Updated on June 5, 2013

When you or a loved one are in need of hospice care, it is important to know how to choose a provider, when to start the service, and how the care will be paid for. There are generally four types of payors for hospice care: Medicare, Medicaid, Private Third Party Insurance, and Private Pay.

Medicare Part A Pays for Hospice

The red, white and blue Medicare card pays for hospice care whether the care is provided at home, in a nursing facility, adult group home, or family members' home. By presenting your Medicare card to your hospice provider at the time of starting services (hospice admission), the hospice will bill Medicare for all care and services that are provided to you.

According to the most recent data from the National Hospice and Palliative Care Organization (NHPCO), almost 85% of hospice care in the USA is paid for by Medicare. Hospice care is completely paid for by the red, white and blue card. If you have questions about what is provided for Medicare recipients by hospice, click here for more information.


Medicaid Pays for Hospice in Some States

Medicaid is a state managed healthcare insurance program that provides benefits for impoverished children and adults. Because Medicaid is a state program it is up to each state to determine if a benefit for hospice is provided. In the event you or a loved one are in need of hospice care, it is best to contact either your physician or your hospice of choice. These healthcare providers will be able to assist you in determining if Medicaid pays for hospice in your state. Annually, about 5% of all hospice care provided is paid for by Medicaid.

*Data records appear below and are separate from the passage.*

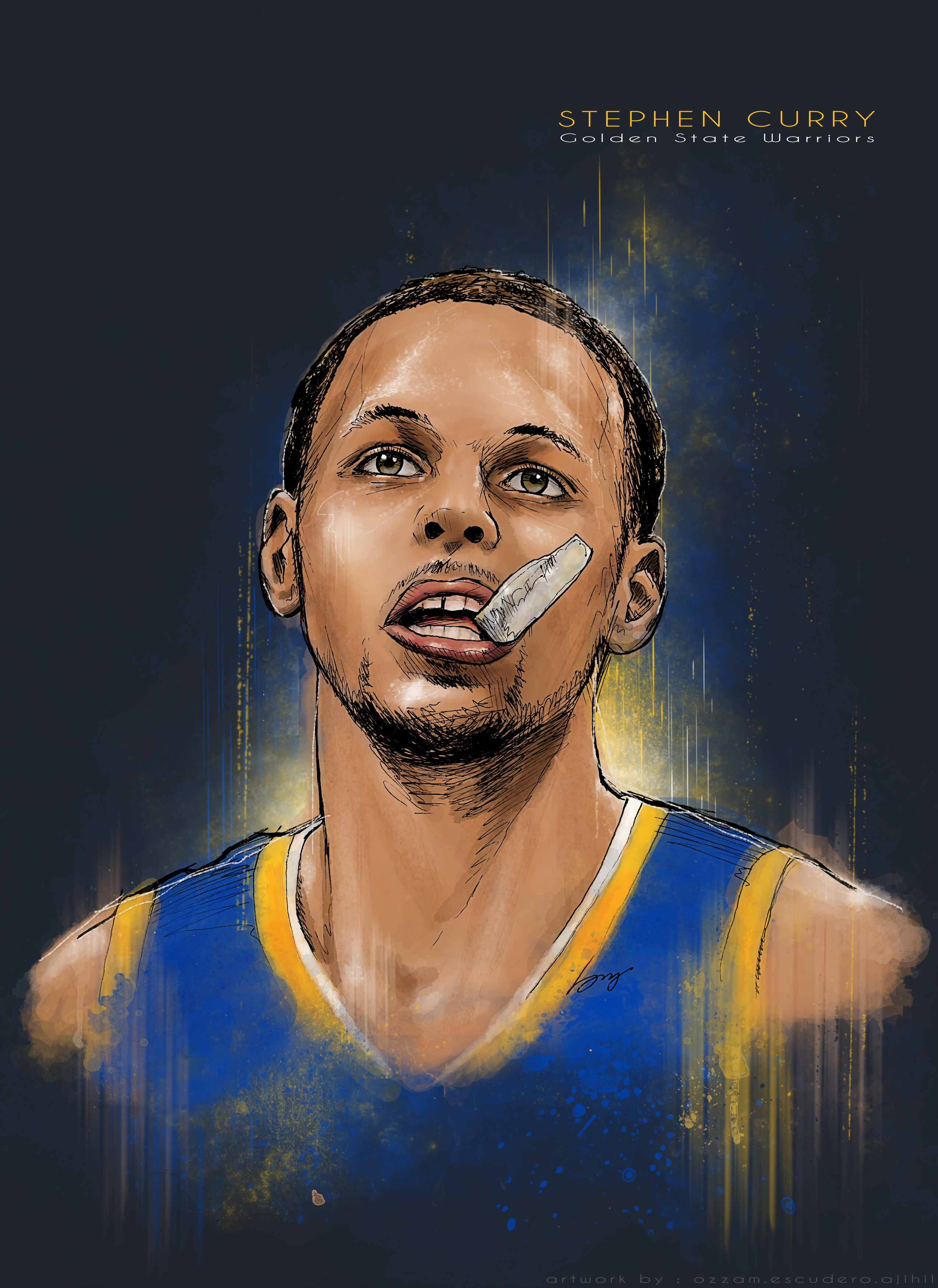 Stephen Curry Sketch at PaintingValley.com | Explore collection of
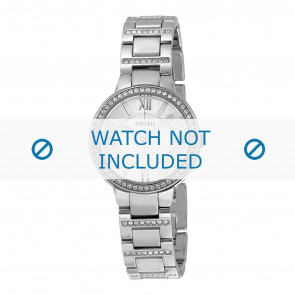 Fossil correa de reloj ES-3282 Acero Palteado 8mm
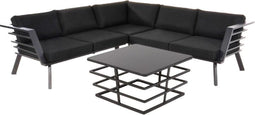 Lesli Living loungehoekset Regatta - antraciet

Private Third Party Insurance May Pay for Hospice

If you have major medical insurance, you may have benefits for hospice care. More than 7% of hospice care provided each year is paid for by private third party insurers. It is important to know and understand your benefits before beginning hospice care.

If you or a loved one have been diagnosed with a terminal illness or a chronic illness has reached its final stages, you should contact your insurance provider to confirm benefits available for hospice. If you have difficulty with that, you may contact a local hospice provider. The hospice provider can talk with your insurance company with your permission to determine whether or not you have benefits for hospice and what limitations, co-pays, or deductibles may be required.

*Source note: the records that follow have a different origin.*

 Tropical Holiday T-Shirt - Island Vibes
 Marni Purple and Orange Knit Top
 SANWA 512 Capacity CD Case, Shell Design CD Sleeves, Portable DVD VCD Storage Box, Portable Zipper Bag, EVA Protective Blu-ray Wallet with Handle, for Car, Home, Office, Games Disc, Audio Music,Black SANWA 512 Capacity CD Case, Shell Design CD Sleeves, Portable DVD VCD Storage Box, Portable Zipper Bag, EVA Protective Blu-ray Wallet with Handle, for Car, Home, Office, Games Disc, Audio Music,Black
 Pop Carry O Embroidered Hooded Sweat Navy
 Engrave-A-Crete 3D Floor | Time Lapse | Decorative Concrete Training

Typically, hospice benefits provided by private third party insurers are the same as those provided by Medicare. These insurance programs generally have a 6 month benefit limit that cannot be extended. So, the timing of the referral to hospice is important from both a health and financial standpoint. My best advice here is to refer to hospice sooner rather than later. If the hospice benefit provided by your insurance exhausts before the time of death, continuation of necessary care can begin on a private pay basis.

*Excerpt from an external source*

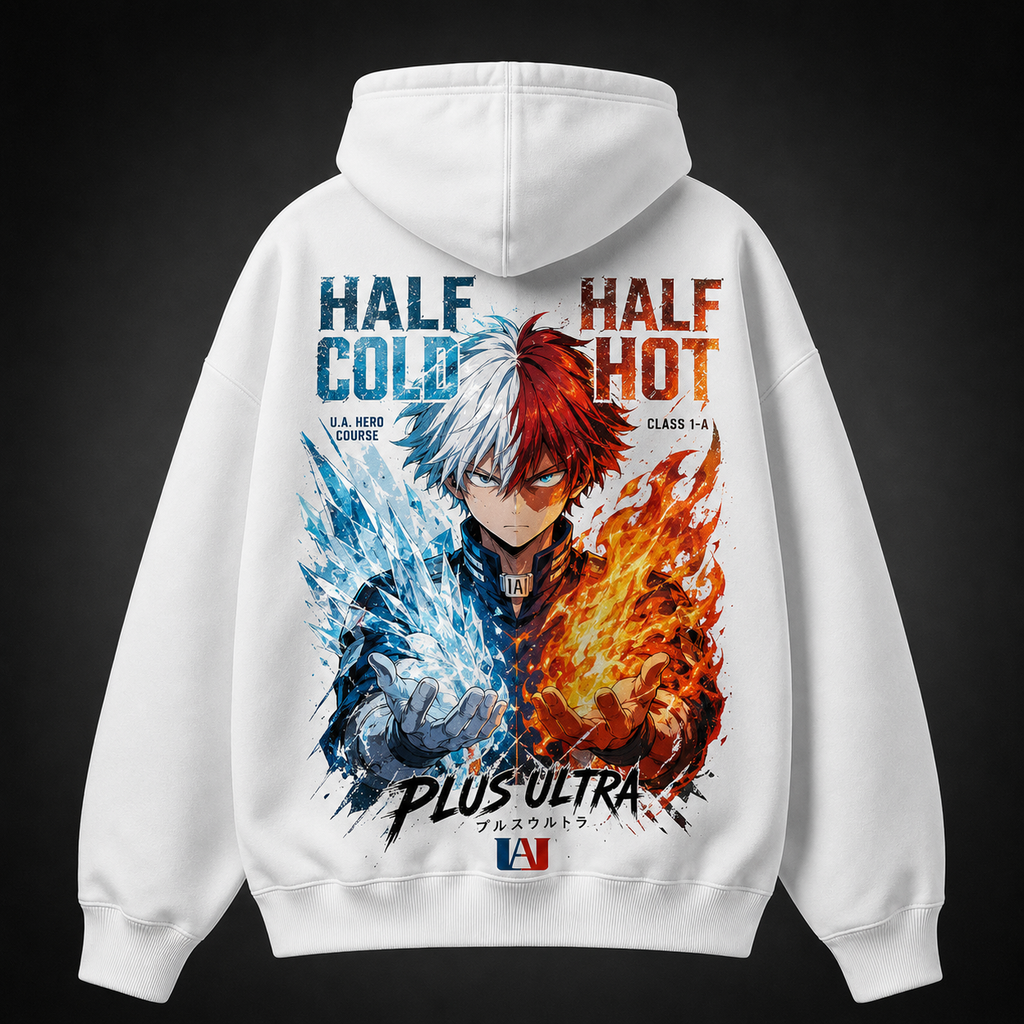 Shoto Todoroki My Hero Academia Anime Hoodie - Half Cold Hot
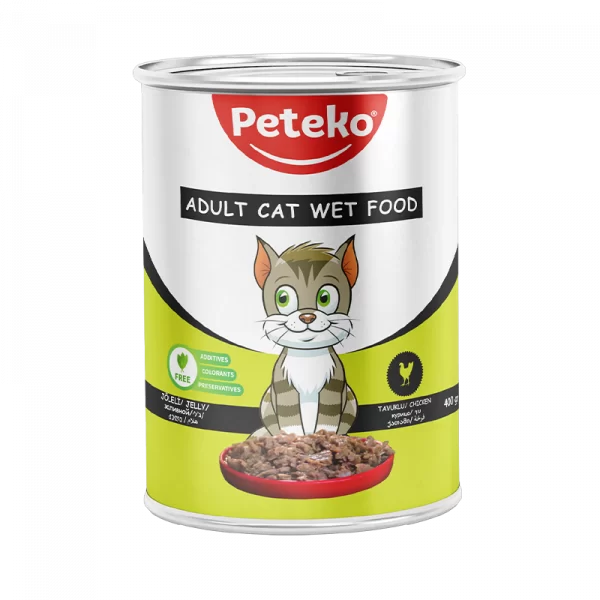 Peteko Chunk in Jelly Tavuklu Yetişkin Kedi Maması Konserve 400g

Hospice care can be a great support to patients and families.  Find out if your health insurance provides a hospice benefit.
Hospice care can be a great support to patients and families. Find out if your health insurance provides a hospice benefit. | Source

Pay for Hospice Care Privately

For those who are not insured by Medicare, Medicaid or private third party insurance there is always an option to pay for hospice services privately. Annually, 1% of hospice care provided is paid for on a private basis. Hospice providers will typically make arrangements with patients and families to provide care under this financial arrangement. The cost of care will vary from one organization to another. If you are in need of hospice care for yourself or a loved one and do not have insurance, contact a local hospice agency and ask about private pay arrangements.